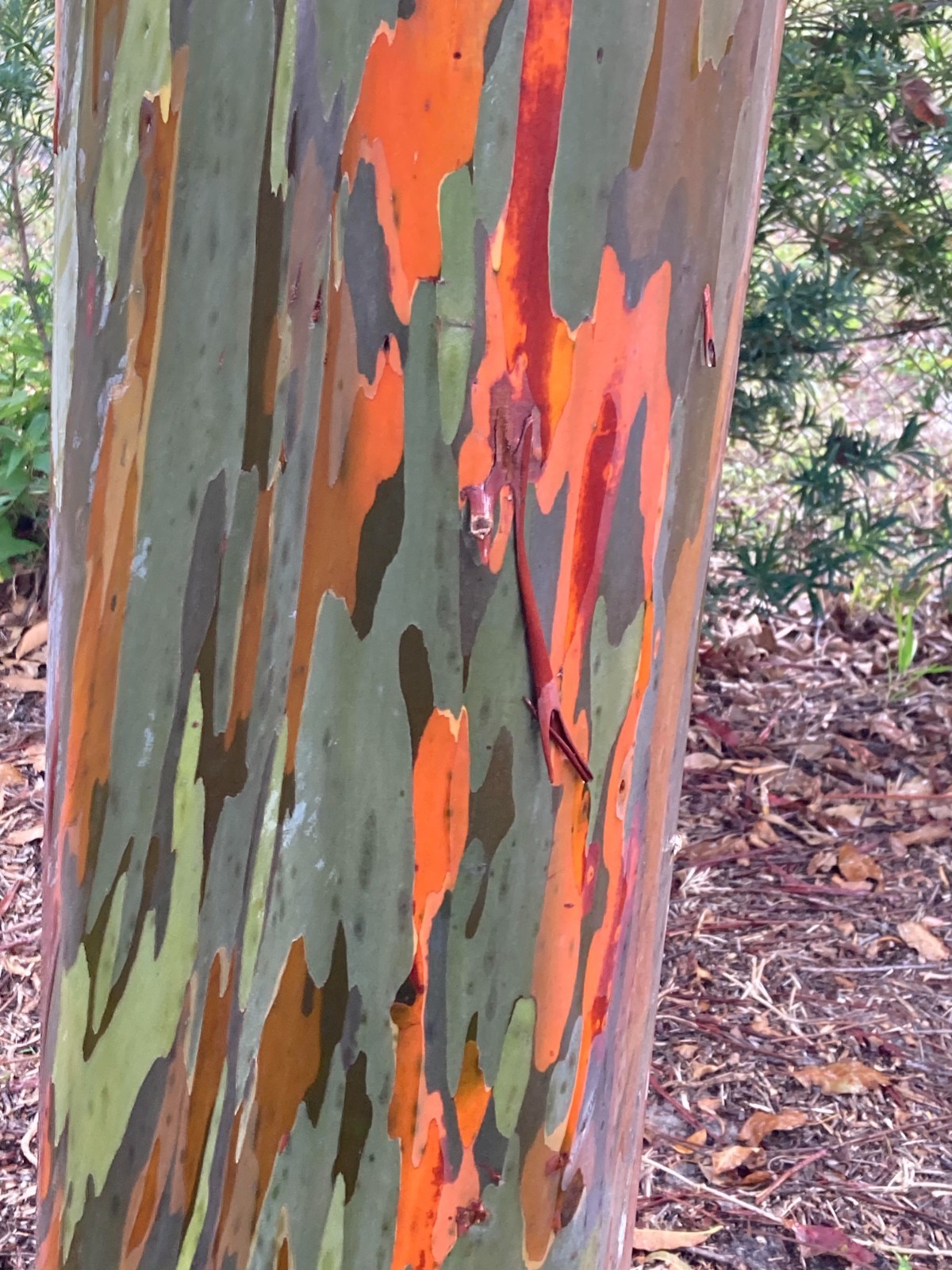 Rainbow eucalyptus seedling 12 to 20 inches tall shipped in 4 inch pot with soil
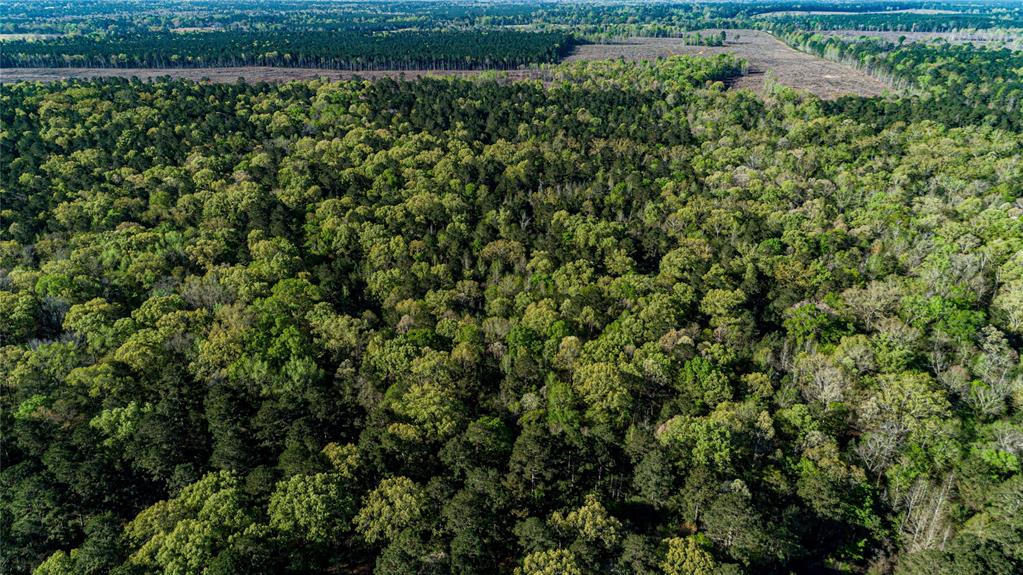 00 Hwy 49, Jefferson, Texas image 14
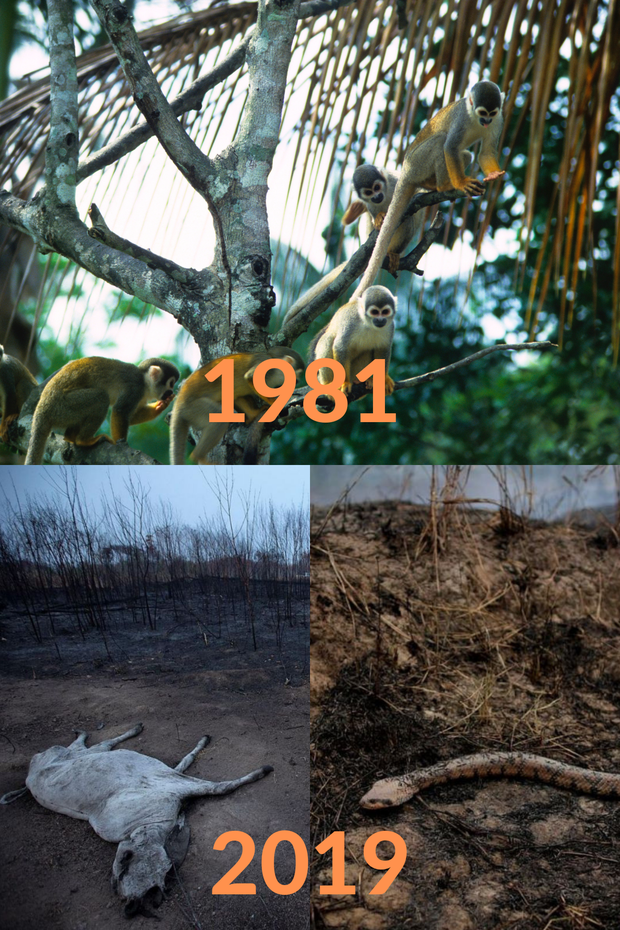 Loạt ảnh Amazon trước và sau đại nạn cháy rừng 2019: Lá phổi xanh ngày nào đã mang đầy bệnh tật do con người đầu độc - Ảnh 2.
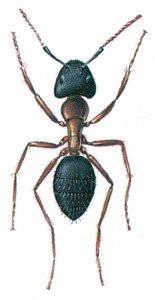 Hercules ant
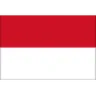 Team Indonesia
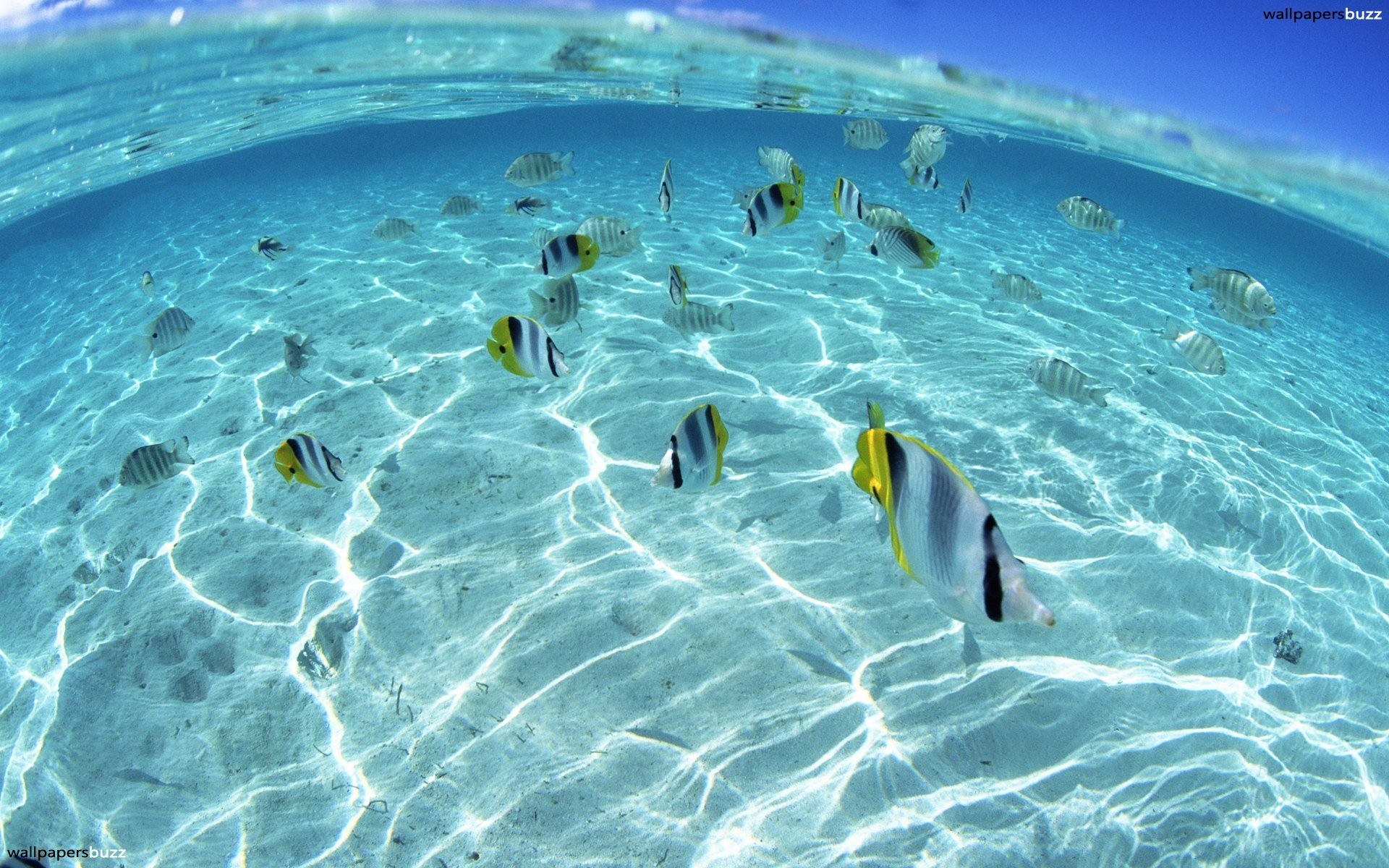 Underwater World of Hawaii HD wallpaper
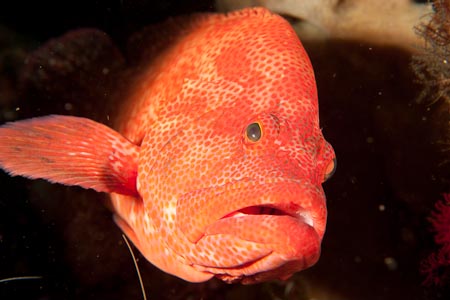A brilliant red grouper ready for her close-up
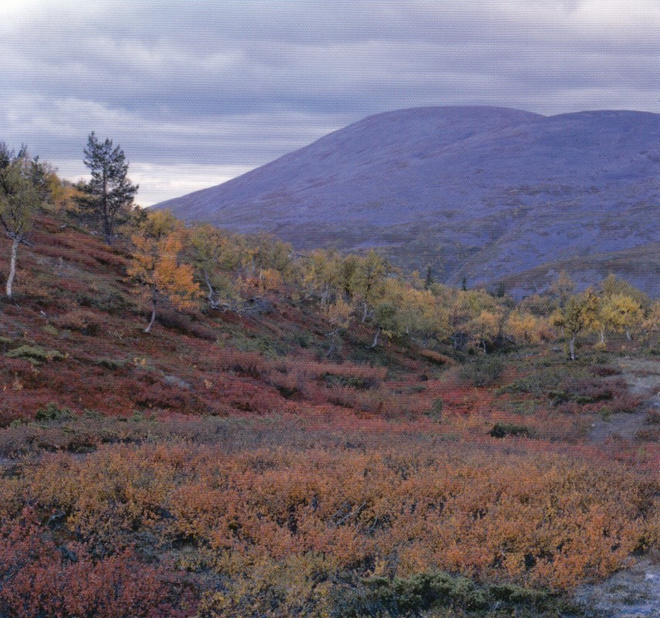 Lappi, siniset tunturit (neliökortti)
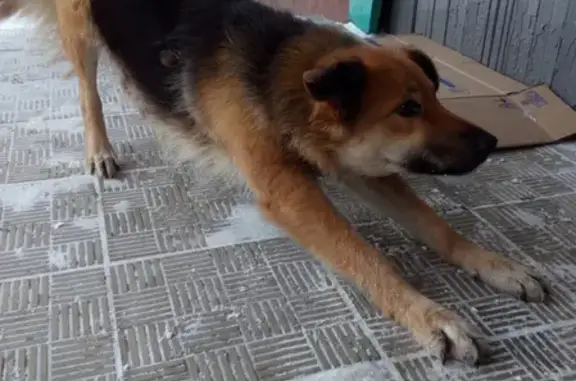 Найдена собака на Ульяновской, ищем хозяина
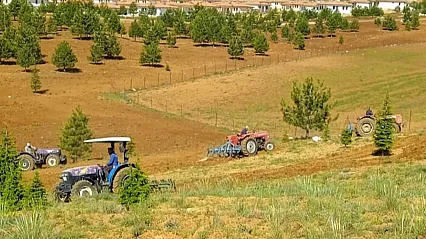 Malatya Doğanşehir'de Mezarlıkta İmece Çalışması!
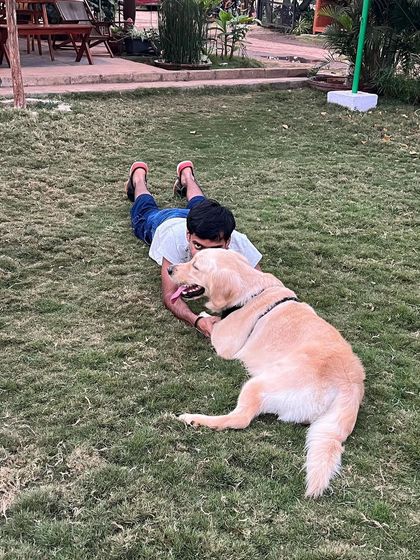 Poochkoo Mutts & Nutts - Dog-Friendly Cafe & Events Splash & Play: Pool and Off-Leash Fun photo 15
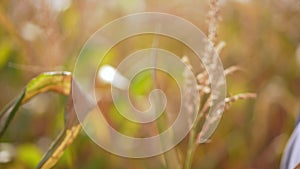 Close-up female hand touching wheat stem and leaving in sunshine. Closeup unrecognizable young Caucasian woman in autumn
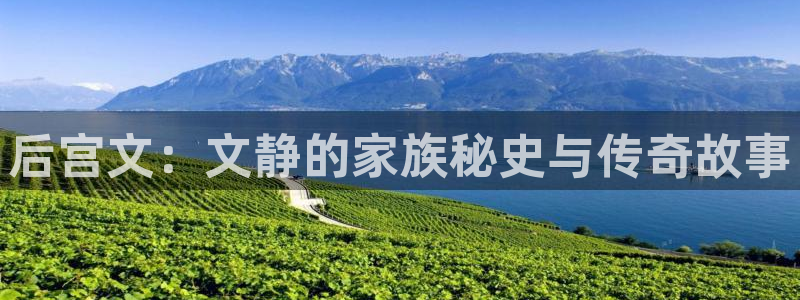 杏鑫娱乐充值怎么退款：后宫文：文静的家族秘史与传奇故事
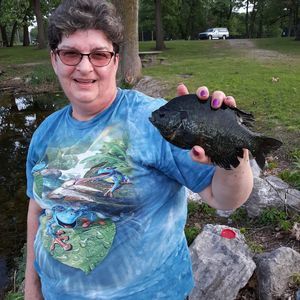 Meet your Posher, Alice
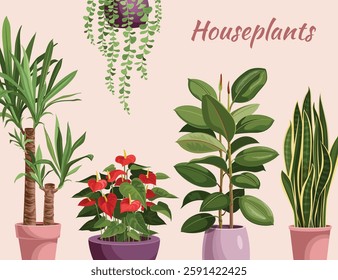 Composition of indoor plants on a pastel background, isolated vector illustration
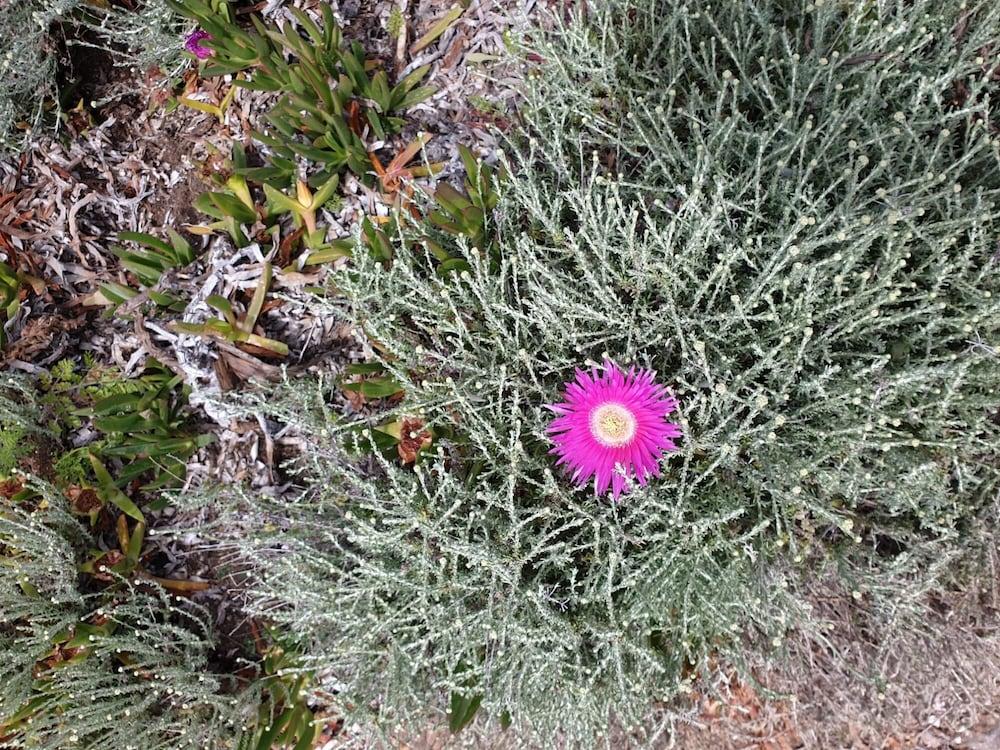 Maria del Mare - La Maddalena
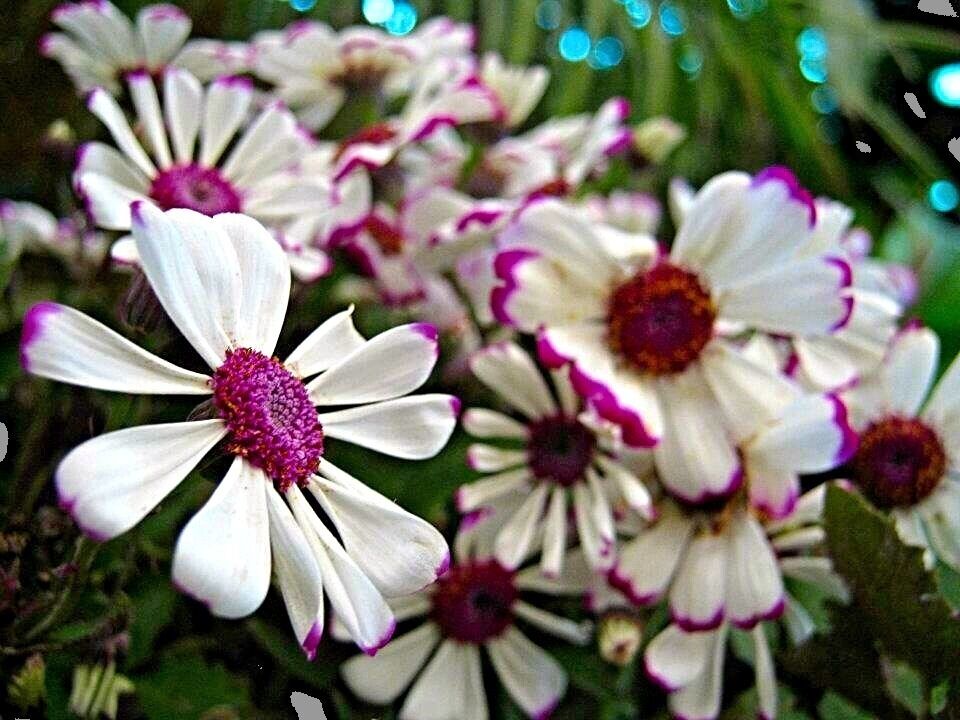 Exploring sikkim flora in supermacro mode 🌸
Ahh so much fun. 
#flora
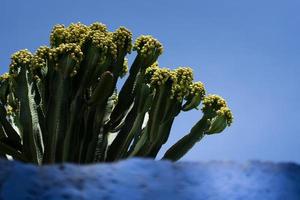 paesaggio naturale in Perù foto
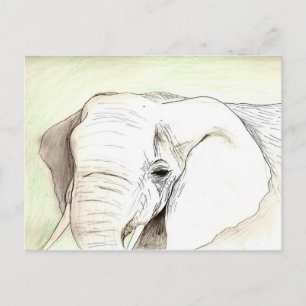 Carte Postale Olifant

Task to carry out: Omit the pictures. Transcribe word for word the lines from the one containing "A brilliant red" through the end of the listing, inclusive.

Completed task:
A brilliant red grouper ready for her close-up
 Lappi, siniset tunturit (neliökortti)
 Найдена собака на Ульяновской, ищем хозяина
 Malatya Doğanşehir'de Mezarlıkta İmece Çalışması!
 Poochkoo Mutts & Nutts - Dog-Friendly Cafe & Events Splash & Play: Pool and Off-Leash Fun photo 15
 Close-up female hand touching wheat stem and leaving in sunshine. Closeup unrecognizable young Caucasian woman in autumn
 杏鑫娱乐充值怎么退款：后宫文：文静的家族秘史与传奇故事
 Meet your Posher, Alice
 Composition of indoor plants on a pastel background, isolated vector illustration
 Maria del Mare - La Maddalena
 Exploring sikkim flora in supermacro mode 🌸
Ahh so much fun. 
#flora
 paesaggio naturale in Perù foto
 Carte Postale Olifant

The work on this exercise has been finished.